Data records START

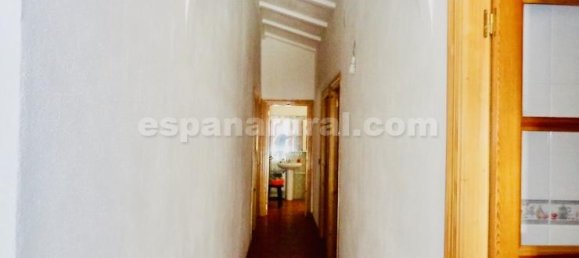 9 غرف نوم منزل في Sierro, Spain رقم 287915 12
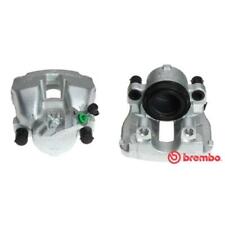BREMBO Pinza Freno Anteriore
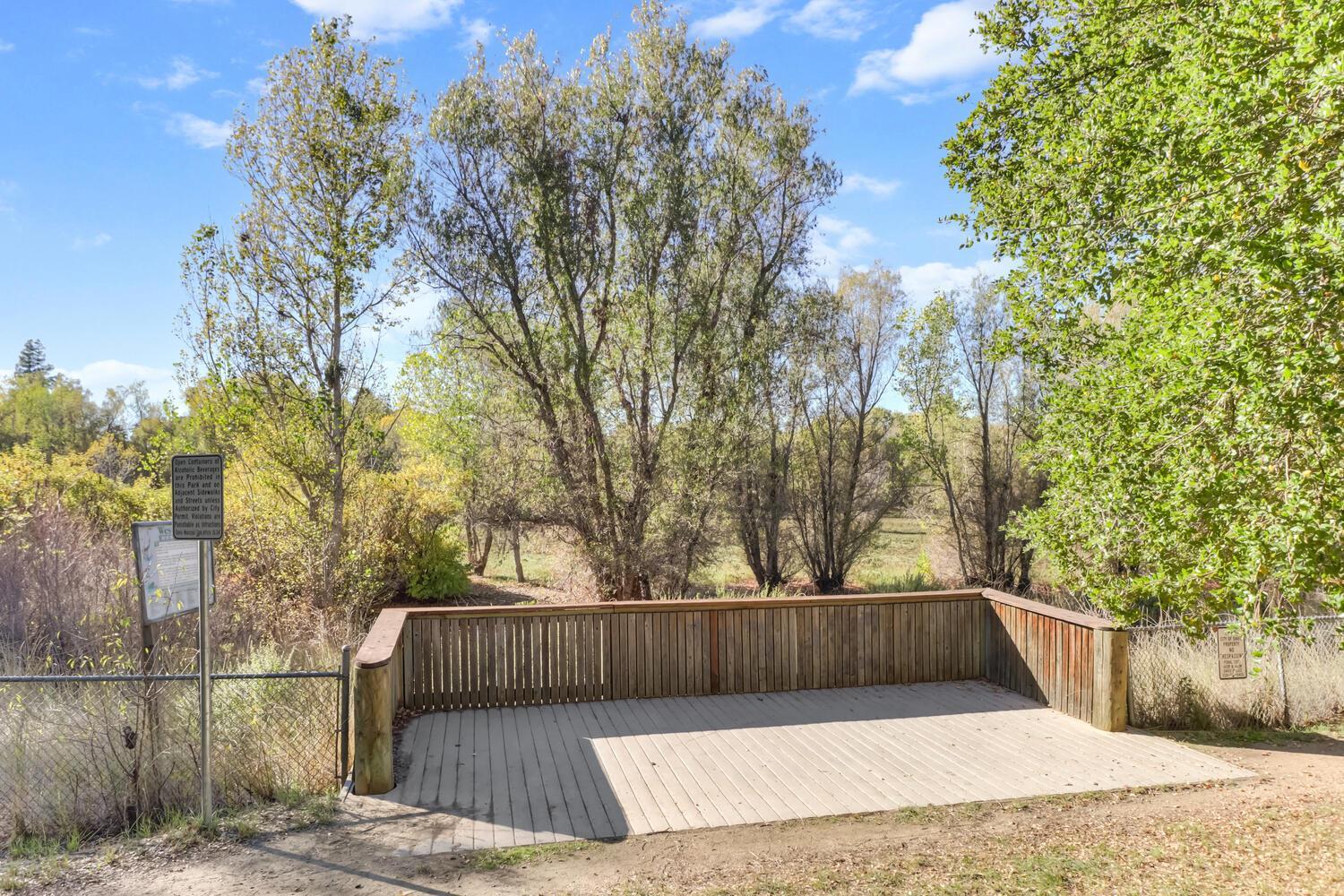 Davis, California, 95616, United States, 3 Bedrooms Bedrooms, ,1 BathroomBathrooms,Residential,For Sale,1989480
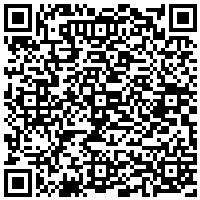 QR Code for bitcoin:bitcoin:bitcoin:bitcoin:bitcoin:bitcoin:bitcoin:bitcoin:bitcoin:bitcoin:bitcoin:bitcoin:bitcoin:bitcoin:dash:XqJy67MfMJy6bGfqxtYVf5Pj19WEdCoFPb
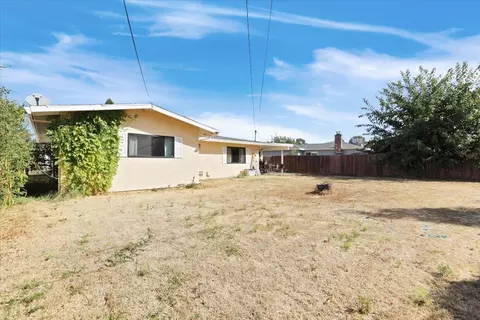 1578 Catalpa St, Olivehurst, CA 95961 photo 27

Data records END

- [Work to complete]: The records above need to be reproduced exactly, with all images omitted.

- [Answer box]:
 9 غرف نوم منزل في Sierro, Spain رقم 287915 12
BREMBO Pinza Freno Anteriore
 Davis, California, 95616, United States, 3 Bedrooms Bedrooms, ,1 BathroomBathrooms,Residential,For Sale,1989480
 QR Code for bitcoin:bitcoin:bitcoin:bitcoin:bitcoin:bitcoin:bitcoin:bitcoin:bitcoin:bitcoin:bitcoin:bitcoin:bitcoin:bitcoin:dash:XqJy67MfMJy6bGfqxtYVf5Pj19WEdCoFPb
 1578 Catalpa St, Olivehurst, CA 95961 photo 27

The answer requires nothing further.